George Allen, head coach and general manager of the Washington Redskins for the last seven years, has been fired, The Washington Post learned last night.
"I just reached the point where I couldn't wait any longer for George to make up his mind and have so advised him of our decision to look for a new head coach and general manager," said Redskin president Edward Bennett Williams. "Our negotiations with George Allen are concluded."
Last July 14, Williams called a press conference to announce that the Redskins and Allen had agreed to a new four-year contract.
But Allen never signed the contract, which called for an annual salary of $250,000 a year.
"I thought we reached an agreement," Williams said. "Last Saturday was six months since we made the announcement - with his approval - and nothing happened.
"I gave George Allen unlimited patience and he exhausted it," said Williams.
"In all fairness to the people I will be negotiating with, I could not be talking to someone else about a job and allow Allen the option of changing his mind.
"No one could say I did not give George sufficient time to say yes to us."
Allen's record with the Redskins was 67-30-1, making him the most successful coach in Redskin history. His post-season record was 2-5.
The major hitch in Allen signing the new contract was Williams' desire to have more say in the team's financial matters and personnel. Williams and other officers of the Redskins were disturbed at Allen's salary structure (he had the highest payroll in the NFL), his free spending and his trading away of so many high draft choices.
However, Allen remained adamant in wanting to maintain the status quo, claiming a coach needs absolute control of the team and its resources.
Last week, when Chuck Knox, under pressure from Los Angeles owner Carroll Rosenbloom, announced he was leaving the Rams to become head coach of hte Buffalo Bills, Allen reportedly became a candidate for the Rams job.
"I have to assume he covets the Los Angeles job," Williams said. "And I hope he is selected to be the Rams' coach.
"But I have to act in the best interests of the Redskins - not react to whom Los Angeles chooses as its coach.

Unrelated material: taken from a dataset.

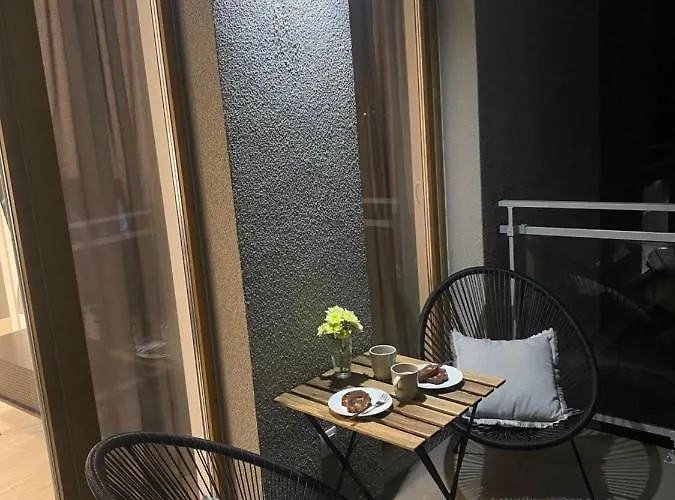 Sonata, Mazury, Apartment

"I want a coach who has Washington as his first choice, and so I'm beginning now to make plans to restructure our organization and look for a successor."
Williams said he will divide the job of head coach and general manager (Allen held both) and will immediately start looking for candidates.
"We have some excellent people inside the organization who will get every consideration," Williams said. "And we also will look outside the organization.
Names of those likely to be considered as possible successors to Allen are Chicago Bears coach Jack Pardee, a former Redskin linebacker and Allen aide; Stanford head coach Bill Walsh and St. Louis coach Don Coryell, both candidates for the Ram job; Cincinnati assistant coach Mike McCormack, a former head coach of the Philadelphia Eagles and an assistant in Washington, and Baltimore coach Ted Marchibroda, a former Redskin assistant.
The action by Williams marks the second time Allen has been fired in his successful career. He was dismissed in 1970 form his first headcoaching job, with the Los Angeles Rams, because he did not get along with the owner of the team, the late. Dan Reeves.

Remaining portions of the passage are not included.